Work required:
Without the images, repeat every line of the listing verbatim.

Data excerpt:
════
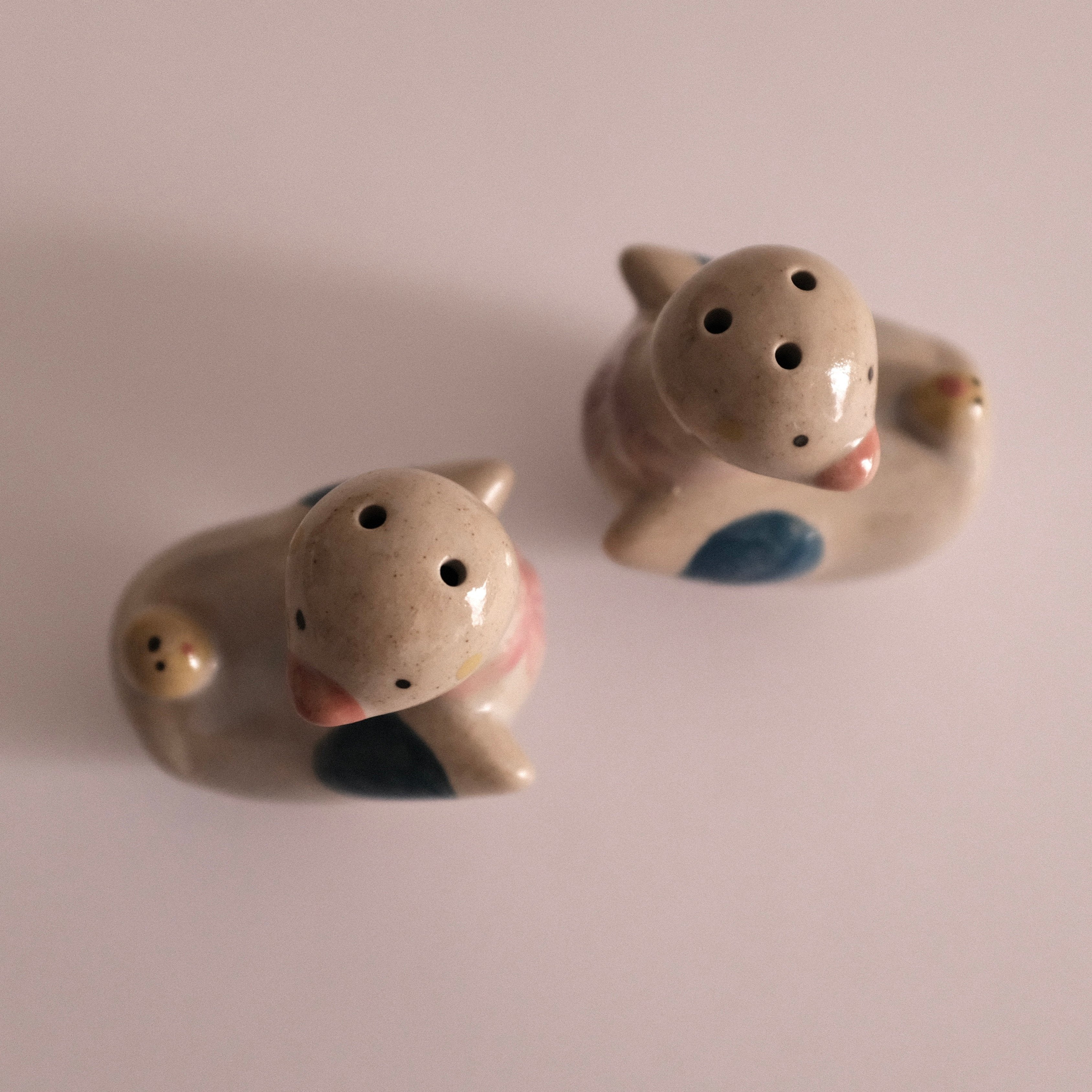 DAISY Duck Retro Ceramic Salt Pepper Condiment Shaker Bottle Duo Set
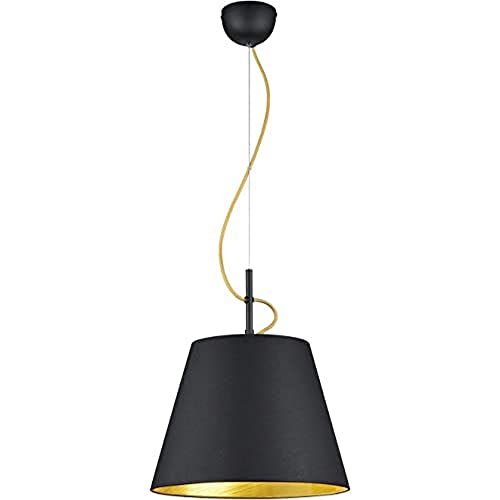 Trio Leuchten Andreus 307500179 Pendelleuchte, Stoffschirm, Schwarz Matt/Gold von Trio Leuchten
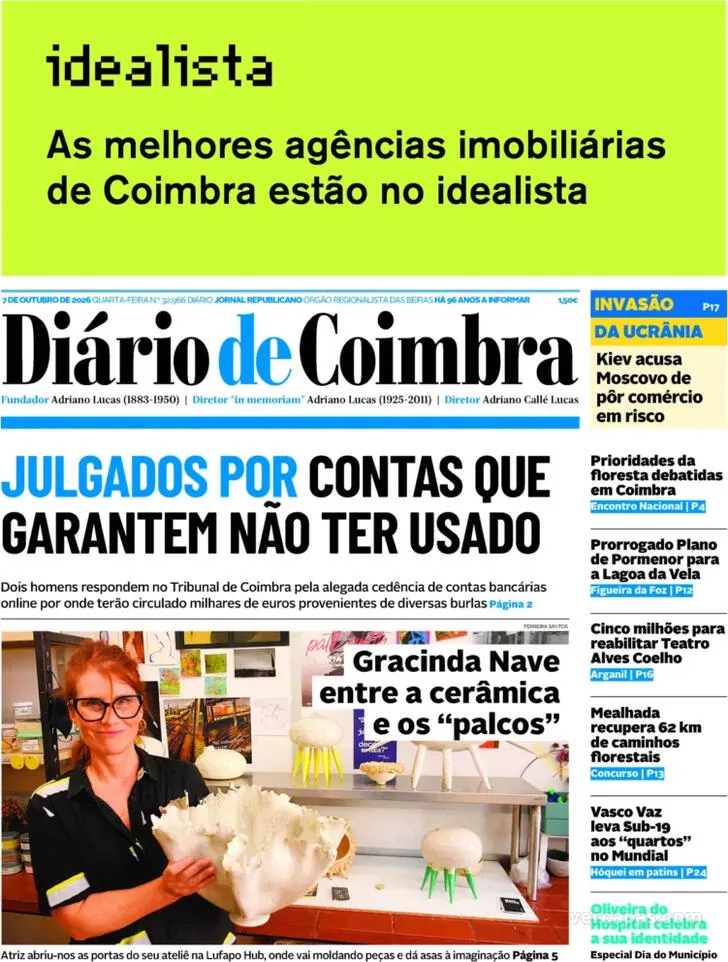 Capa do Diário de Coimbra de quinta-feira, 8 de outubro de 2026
════
Result:
 DAISY Duck Retro Ceramic Salt Pepper Condiment Shaker Bottle Duo Set
 Trio Leuchten Andreus 307500179 Pendelleuchte, Stoffschirm, Schwarz Matt/Gold von Trio Leuchten
 Capa do Diário de Coimbra de quinta-feira, 8 de outubro de 2026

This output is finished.